Xbox Series a aplikacje. Konsola uruchomi Netflixa i Prime Video. Co jeszcze?
Następca Xboxa One służy przede wszystkim do zabawy z grami wideo. Ale czy konsola nadaje się do czegoś jeszcze? Jak się okazuje: tak. Microsoft utrzymał zgodność z Universal Windows Platform.
Po pierwotnej wizji na Xboxa – gdzie gry wideo miały być tylko jedną z jego części – nie pozostał ślad. Xbox Series S i Xbox Series X pozbawione są już wejścia HDMI, a więc nie można z nimi integrować tradycyjnej telewizji kablowej. Tańsza z konsol pozbawiona jest też napędu optycznego, co między innymi uniemożliwia obsługę muzyki Audio CD czy filmów na DVD i Blu-ray.

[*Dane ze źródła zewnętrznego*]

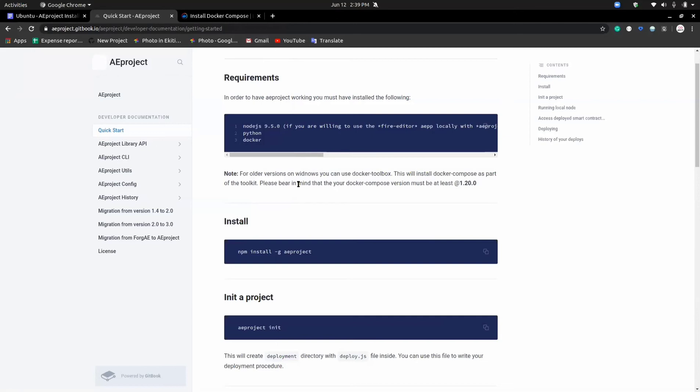Now that we all have AEproject installed on our device, you can now write, compile, test and deploy Sophia smart contracts from your device, which also comes along with the ability to build amazing apps with either Vue, React, or Angular front-end frameworks. That's how awesome AEproject is. Since we have all these tools installed, it is very essential for you to restart your device so as to complete the installation process, because all these installed tools need to apply some changes to your environment. It's advisable to restart your system, and once you've done that, you can now build on AEproject.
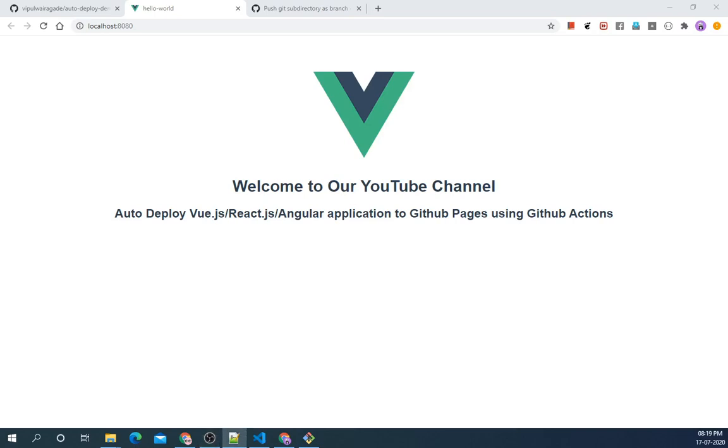Welcome to our YouTube channel. In this video we will be demonstrating how to auto deploy your Vue.js, React.js, or Angular application to GitHub Pages using GitHub Actions. For the demonstration purpose we will be using a Hello World Vue.js application which I have already created and it's running.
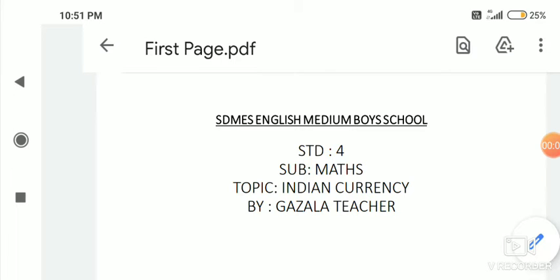Assalamu alaikum dear students, myself Sayyad Ghazala, your maths subject teacher. Now I start today's topic by the grace of Allah who is very kind and merciful. So let's start our topic: Indian currency.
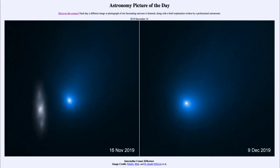Greetings and welcome to the introduction to astronomy. One of the things that I like to do in each of my introductory astronomy classes is to begin the class with the Astronomy Picture of the Day from the NASA website.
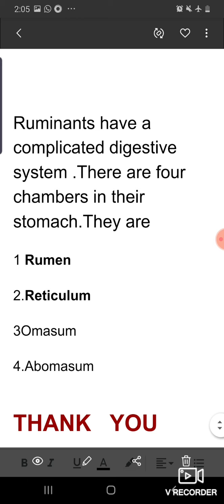I think the complete question answers of the chapter have been discussed across this video and the previous one. Please go through both videos, and if there is any doubt, please ask in the Zoom classes. Thank you, students.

Xbox One jednak nadal zgodny jest z wybraną grupą aplikacji windowsowych, tych stworzonych w technice Universal Windows Platform i przygotowanych w wersji na konsolę. Jakie to mogą być aplikacje? A chociażby Netflix do filmów i seriali, Spotify do puszczania muzyki w tle podczas gier wideo, VLC do odtwarzania egzotycznych formatów plików, które magazynujemy na podłączonym do konsoli dysku USB, OneDrive do przeglądania fotek i wiele, wiele więcej.

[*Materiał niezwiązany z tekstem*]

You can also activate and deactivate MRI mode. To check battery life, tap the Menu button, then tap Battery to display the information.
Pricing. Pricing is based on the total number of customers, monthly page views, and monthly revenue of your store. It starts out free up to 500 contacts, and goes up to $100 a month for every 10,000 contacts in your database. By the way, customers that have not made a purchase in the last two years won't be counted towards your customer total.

Universal Windows Platform na Xbox Series S i Xbox Series X. Wszystkie aplikacje dla Xboxa będą działać i na nowych konsolach
Xbox Series pozostanie fajnym uzupełnieniem telewizora, szczególnie takiego, który pozbawiony jest funkcji smart. Będziemy mogli w nim, tak jak na Xboksie One, błyskawicznie za pomocą gamepada przełączać się pomiędzy Netflixem, Prime Video, YouTube’em, przeglądarką Edge, VLC i pozostałymi aplikacjami w Microsoft Store na Xboxa.

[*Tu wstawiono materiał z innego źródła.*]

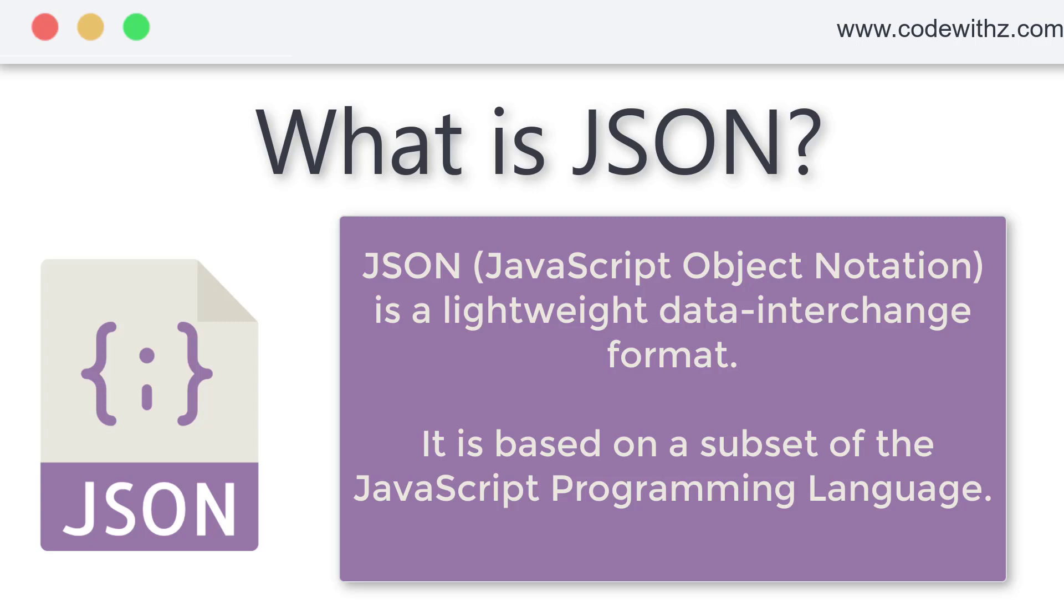Hey coding owls, welcome back to my channel. In this video, we are going to talk about a very important technology called JSON.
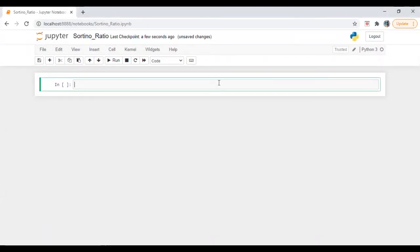Hi everyone. This is Arfin and today we are going to calculate Sortino Ratio by using Python. So let's start.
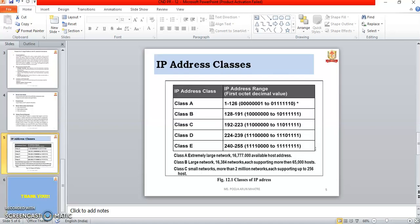There are five IP address classes: Class A, Class B, Class C, Class D, and Class E. Class A ranges from 1 to 126. Class B ranges from 128 to 191. Class C ranges from 192 to 223. Class D ranges from 224 to 239. Class E ranges from 240 to 255.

Niestety sytuacja jest daleka od idealnej. Na dziś w Microsoft Store nadal nie znajdziemy niektórych popularnych aplikacji do usług VOD. Największym brakiem wydaje się absencja HBO Go, choć warto też wskazać nieobecność Playera, usług TVP i ipli. Szkoda, bo Xbox Series u graczy miałby szansę wyprzeć z salonu całkowicie urządzenia takie, jak przystawki z Androidem podłączane pod port HDMI. Szkoda – ale i tak powyższe wieści przyjmuję z ulgą.